First, it introduces the reader to \minizinc{}, how its models are formulated, and how they are translated to \solver{} specifications.
Then, we review different solving methods such as \gls{sat}, \gls{mip}, and \gls{cp}.
This is followed by a comparison of \minizinc{} with other \cmls{}.
This chapter also reviews techniques that are closely related to \cmls{}.
We conclude this chapter with a description of the current \minizinc{} compiler and the techniques it uses to simplify the \solver{} specifications it produces.

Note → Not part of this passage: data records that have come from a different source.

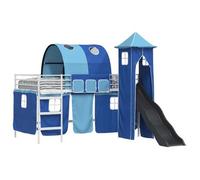 vidaXL Cama nido infantil, estructura en blanco y azul, 90 x 200 cm, metal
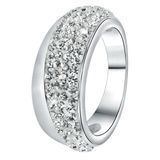 Lucardi Dames Ring met kristal - Ring - Cadeau - Staal - Zilverkleurig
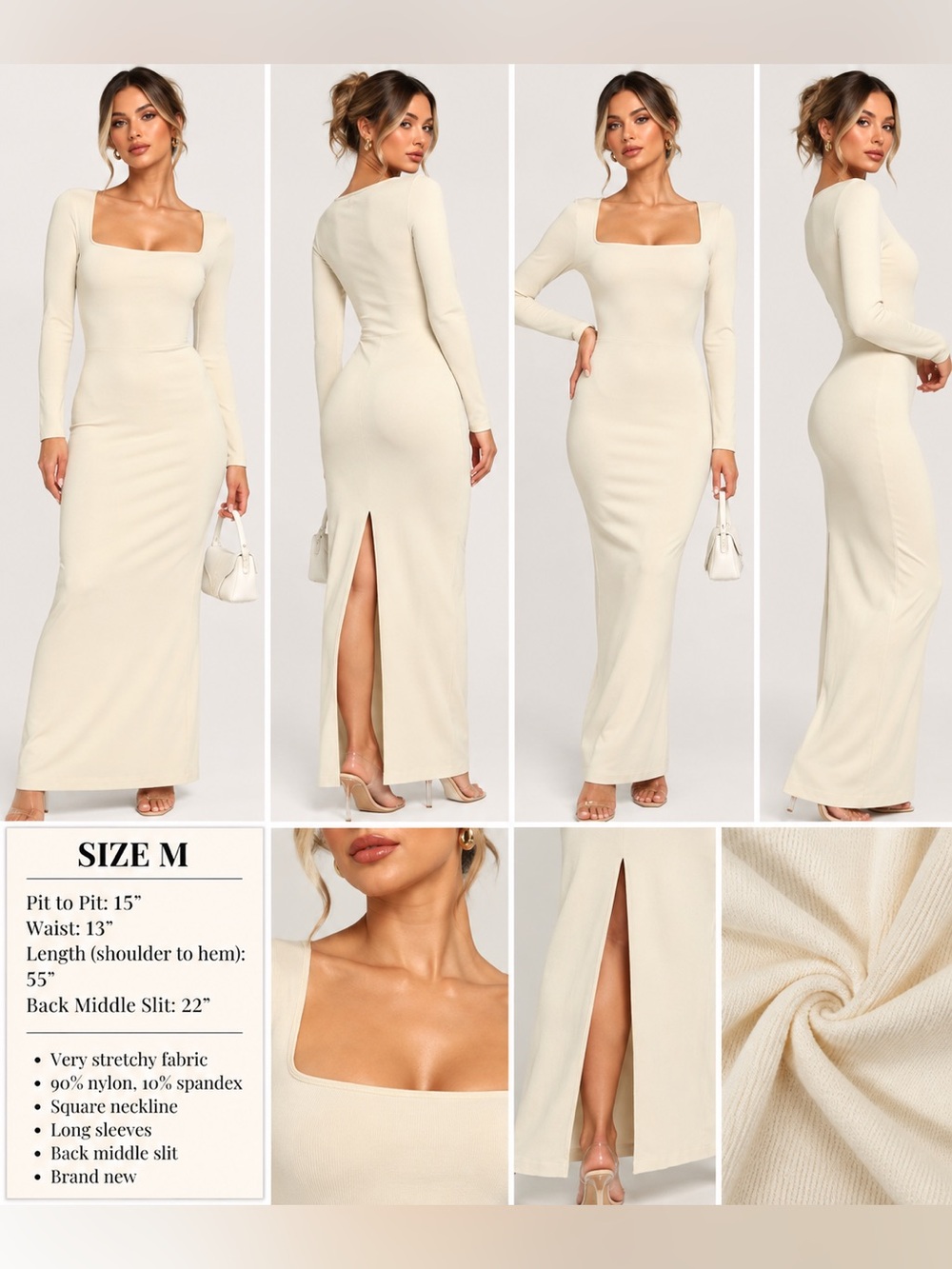 OQQ Ivory Square Neck Long Sleeve Bodycon Maxi Dress Size M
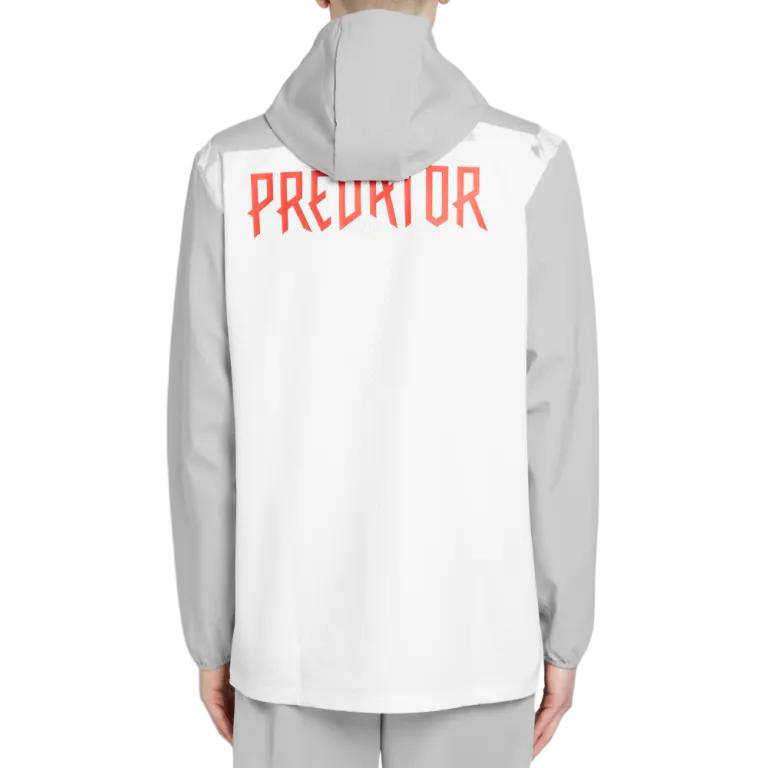 Adidas Куртка с капюшоном Predator David Beckham белая/светло-серая мужская уличная одежда DZ7310
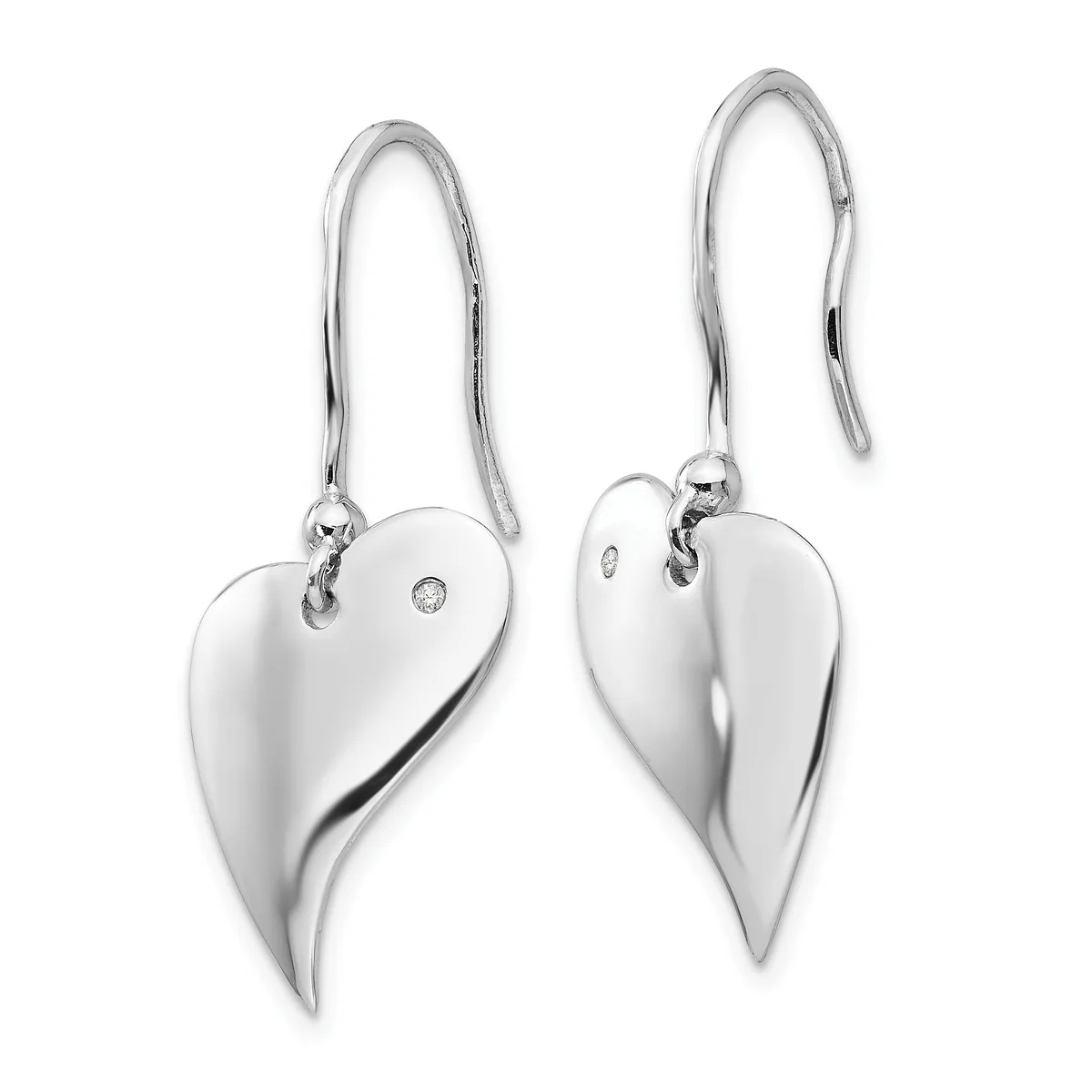 A pair of silver heart-shaped drop earrings with long curved hooks, each heart featuring a small diamond and a polished finish.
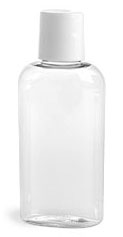 2 oz Clear PET Cosmo Ovals w/ White Disc Top Caps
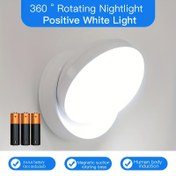 Resim 360° Dönen LED Hareket Sensörü Gece Lambası - Taşınabilir, İç/Dış Mekan Kullanımı, Modern Beyaz Işık, 3 AAA Pil ile Hafif, Yatak Odası, Mutfak, Banyo, Koridorlar ve Seyahat için İdeal, Seyahat Gece Lambası|Modern Gece Lambası Tasarımı|Hafif Yapı, Gece Lambası 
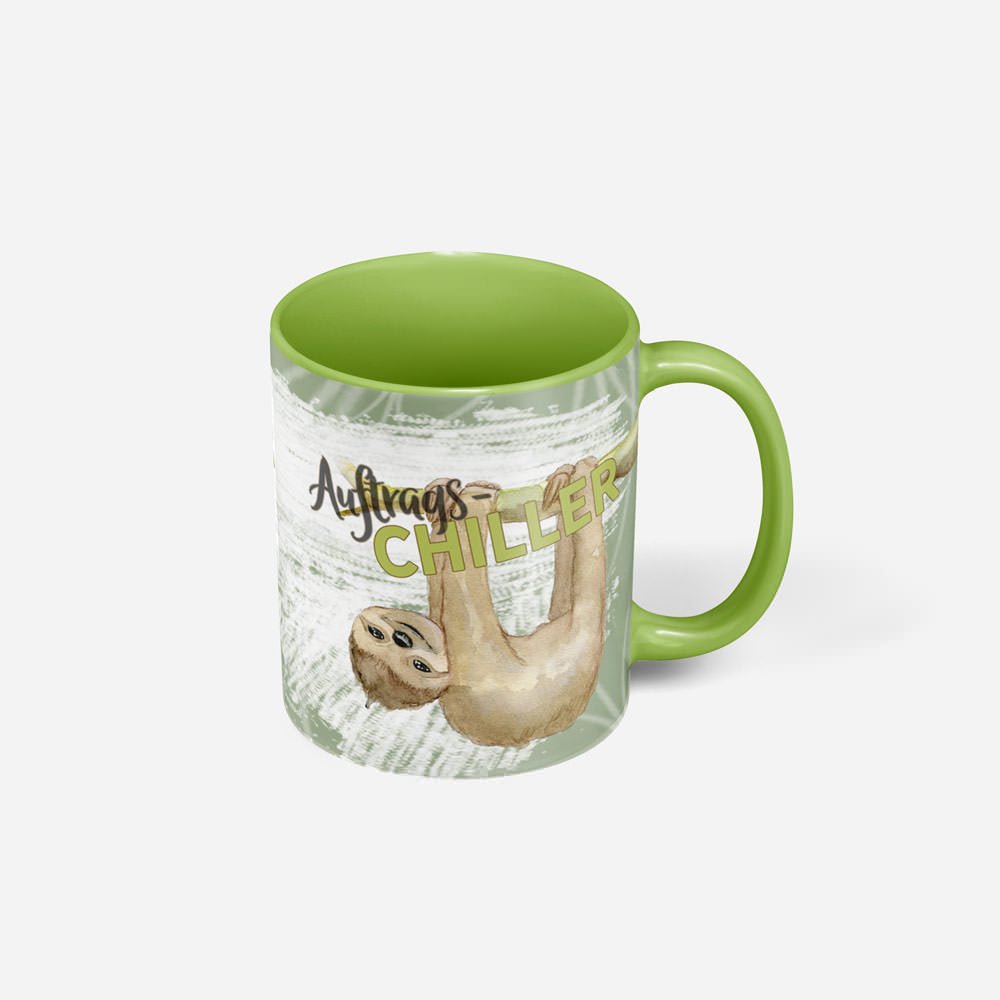 Tasse Faultier Auftragschiller – Lustige Kaffeetasse für Chiller - Sunnywall - Individualität trifft Design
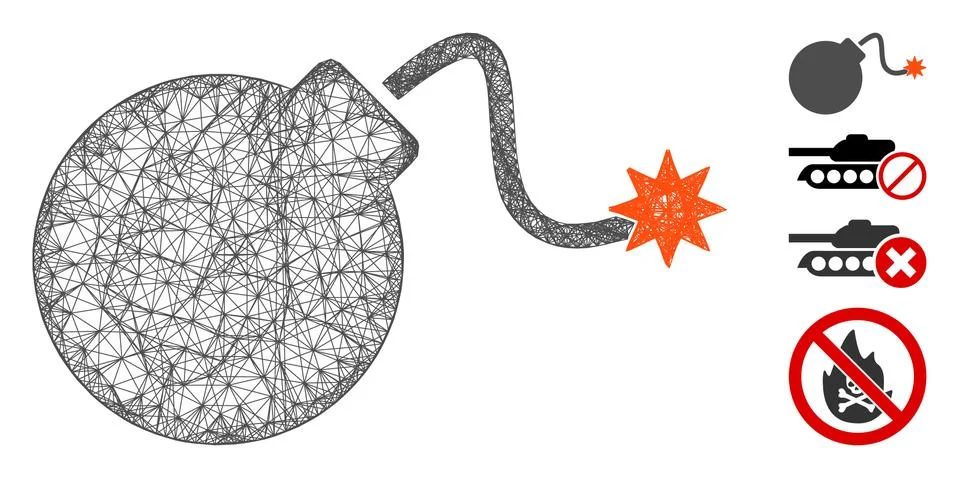 Bomb Web Vector Mesh Illustration Stock Illustration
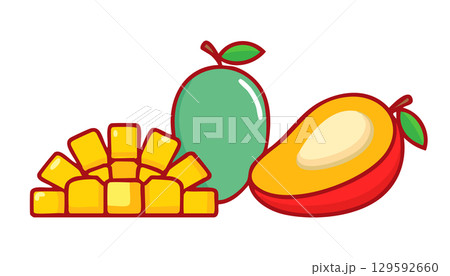Artistic mango drawing with glossy surface, sliced half showing golden cubes, isolated on white with ample copy space. 129592660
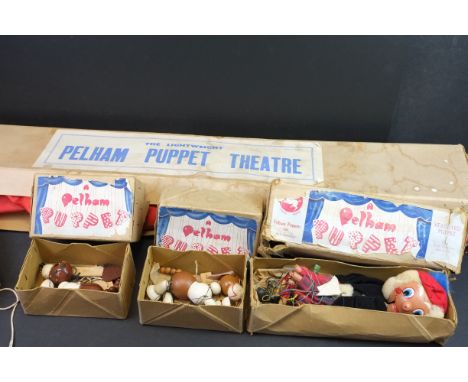 Three Pelham Puppets including Snuff, Tuff and MacBoozle, all contained in their original brown cardboard boxes together a Bo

\emph{\Cref{ch:rewriting}} presents a formal execution model for \minizinc{} and the core of our new architecture.
We construct a set of formal rewriting rules for a subset of \minizinc{} called \microzinc{}
We show how any \minizinc{} model can be reduced to a \microzinc{} model and, as such, provide rewriting rules for the \minizinc{} language.
Applying the rewriting produces \nanozinc{}, an abstract \solver{} specification language.
Crucially, we show how \nanozinc{} tracks \constraints{} that define a \variable{}, and can therefore correctly remove functional definitions.
This chapter also integrates well-known techniques used to simplify \glspl{slv-mod} into the architecture.
We compare the performance of an implementation of the presented architecture against the existing \minizinc{} infrastructure.

\emph{\Cref{ch:half-reif}} continues on the path of improving \glspl{slv-mod}.
In this chapter, we present an formal analysis technique to reason about \gls{reif}.
This analysis can help us decide whether a \constraint{} has to be reified.
In addition, the analysis allows us to determine whether we use \gls{half-reif}.
We thus present the first implementation of the usage of automatic \gls{half-reif}.
We conclude this chapter by analysing the impact of the usage of \gls{half-reif} for different types of \solvers{}.

\emph{\Cref{ch:incremental}} focuses on the development of incremental methods for \cmls{}.
We introduce two new techniques that allow for the incremental usage of \cmls{}.
We first present a novel technique that eliminates the need for the incremental \gls{rewriting}
Instead, it integrates a meta-optimisation specification, written in the \minizinc{} language, into the \gls{slv-mod}.
Then, we describe a technique to optimise the \gls{rewriting} process for incremental changes to an \instance{}.
This method ensures that no work is done for parts of the \instance{} that remain unchanged.
We conclude this chapter by testing the performance and computational overhead of these two techniques.

Finally, \emph{\Cref{ch:conclusions}} is the concluding chapter of the thesis.
It reiterates the discoveries and contributions of this research to theory and practice, comments on the scope and limitations of the presented architecture, and presents further avenues for research in this area.